The Italians came and with them new festivities, demonstrations, meetings, and speeches. How different it all appeared to me from my memorable first days on Belo-Ostrov. No doubt the Italians now felt as awed as I did then, as inspired by the seeming wonder of Russia. Six months and the close proximity with the reality of things quite changed the picture for me. The spontaneity, the enthusiasm, the vitality had all gone out of it. Only a pale shadow remained, a grinning phantom that clutched at my heart.
On the Uritski Square the masses were growing weary with long waiting. They had been kept there for hours before the Italian Mission arrived from the Tauride Palace. The ceremonies were just beginning when a woman leaning against the platform, wan and pale, began to weep. I stood close by. " It is easy for them to talk," she moaned, "but we've had no food all day We received orders to march directly from our work on pain of losing our bread rations. Since five this morning I am on my feet. We were not permitted to go home after work to our bit of dinner. We had to come here. Seventeen hours on a piece of bread and some kipyatok [boiled water]. Do the visitors know anything about us?" The speeches went on, the "Internationale" was being repeated for the tenth time, the sailors performed their fancy exercises and the claqueurs on the reviewing stand were shouting hurrahs. I rushed away. I, too, was weeping, though my eyes remained dry.
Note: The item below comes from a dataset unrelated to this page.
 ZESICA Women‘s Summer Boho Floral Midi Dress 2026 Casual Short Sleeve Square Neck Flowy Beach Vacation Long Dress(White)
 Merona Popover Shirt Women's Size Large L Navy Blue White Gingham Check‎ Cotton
The Italian, like the English, Mission was quartered in the Narishkin Palace. One day, on visiting Angelica there, I found her in a perturbed state of mind. Through one of the servants she had learned that the ax-princess Narishkin, former owner of the palace, had come to beg for the silver ikon which had been in the family for generations. "Just that ikon," she had implored. But the ikon was now state property, and Balabanova could do nothing about it. "Just think," Angelica said, "Narishkin, old and desolate, now stands on the street corner begging, and I live in this palace. How dreadful is life! I am no good for it; I must get away."
But Angelica was bound by party discipline; she stayed on in the palace until she returned to Moscow. I know she did not feel much happier than the ragged and starving ax-princess begging on the street corner.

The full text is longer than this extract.